Just given the extra tools that you have now with your CBP and ERP, you have probably, I'm guessing better insight into the business. And so perhaps the ability to sort of manage that margin on a year-over-year basis despite a near term headwind, just thanks to that project.
And so you can sort of confirm or whatever that statement. But the question I have is just given the change in your cost structure, as we look out past the next few quarters, where things are still pretty uncertain.
What revenue level do you expect to see your margin growth accelerate as you work towards that 28% consolidated target?
Paul Vanderberg
Yes. Well, I mean, I -- maybe I will confirm our real, real -- we're really happy with the way this ERP system has provided better visibility.
It's early days. But Darren, with his business insights group is very, very close to rolling out a real comprehensive set of daily dashboards, which will be just excellent tools for folks throughout the whole organization.
So it gets -- we get new tools every month. It's been pretty exciting.
It's been like Christmas every month from the Badger operations perspective this year. So we're really pleased about that.
But I think what we've seen in the last 2 quarters is that we've built and we've spent the last couple of years, a lot of hard work to build operating leverage into Badger's business. And that's why we went through the whole CBP process starting back in 2017 and the ERP implementation in '18 and '19.
So we've made those investments.
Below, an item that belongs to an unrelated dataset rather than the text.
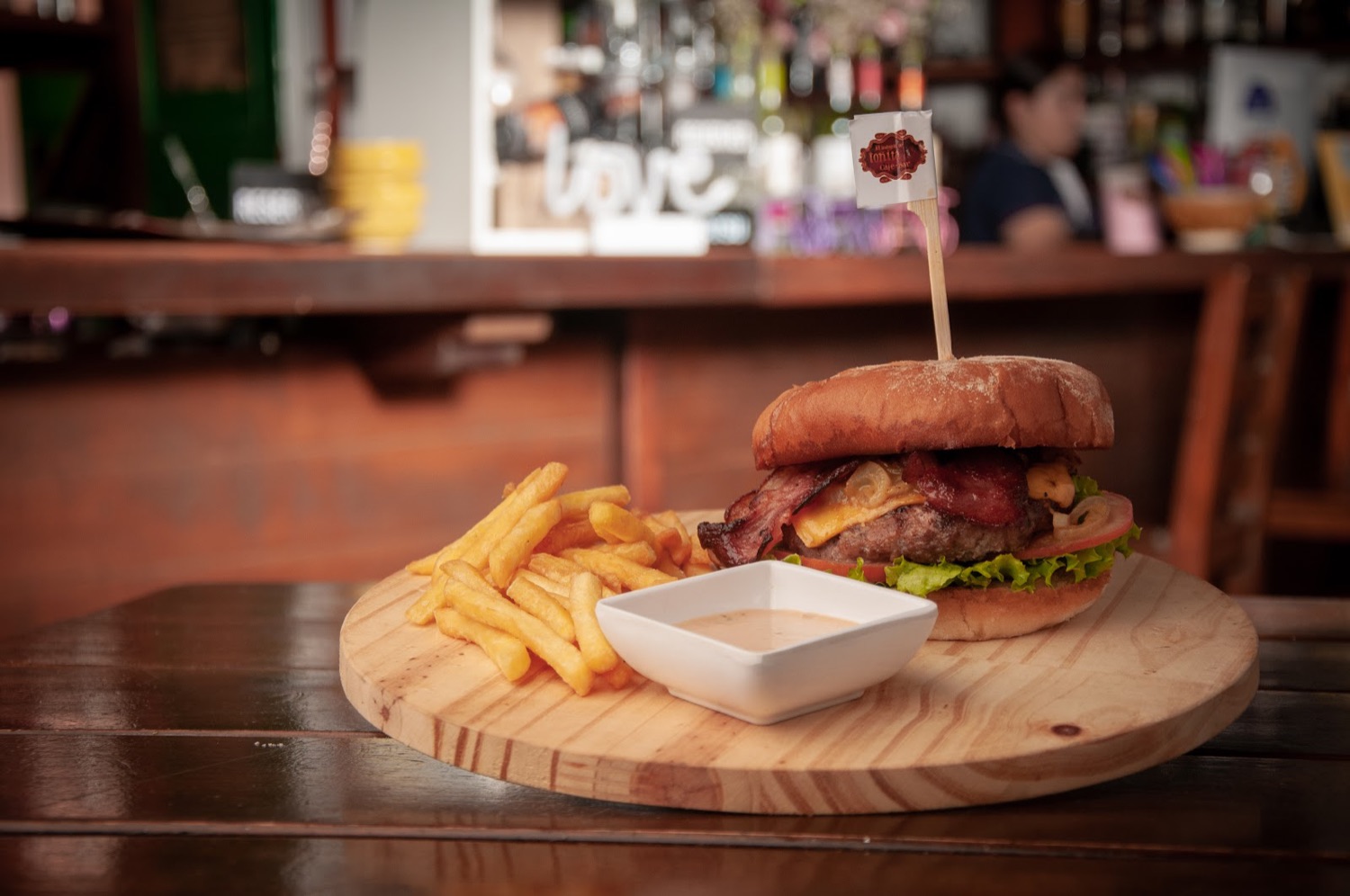 Hamburguesa con papas a la francesa en tabla de madera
And now it's time to leverage those investments.
And we saw a little glimmer of what operating leverage could look like, coming out of the COVID downturn in Q2. We've seen another good snapshot on it in Q3.
And I personally am really pleased with how I think this business model is positioned for more volume. And it's going to be one of those things we're going to test drive quarter-by-quarter.
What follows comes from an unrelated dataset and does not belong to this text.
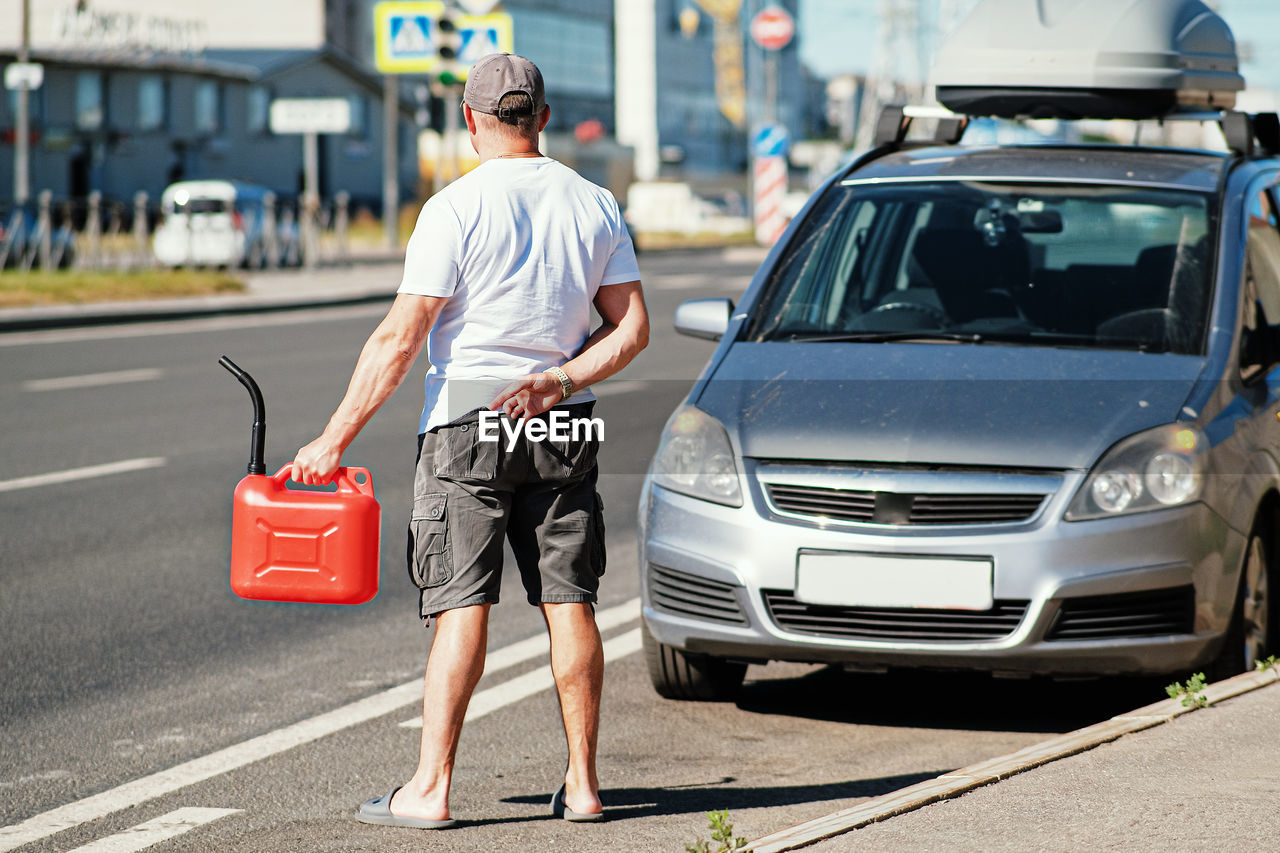 FULL LENGTH REAR VIEW OF MAN STANDING ON STREET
But as you said, Maggie, we've really acted on our cost. We've got them pretty tightened down.
And additional volume has a lot of operating leverage in this model. So as we get a little bit of economic tailwind here, it's just going to be a fun car to drive.
Maggie MacDougall
Okay. And then I'm wondering if you could just give us some comments broadly across your regions and end markets in terms of industry served to discuss where you may see positive strength or weakness.
And then looking out past Q4, your impression of demand because there's got to be a backlog that's being created by this downturn. As we all know infrastructure, construction, utility maintenance.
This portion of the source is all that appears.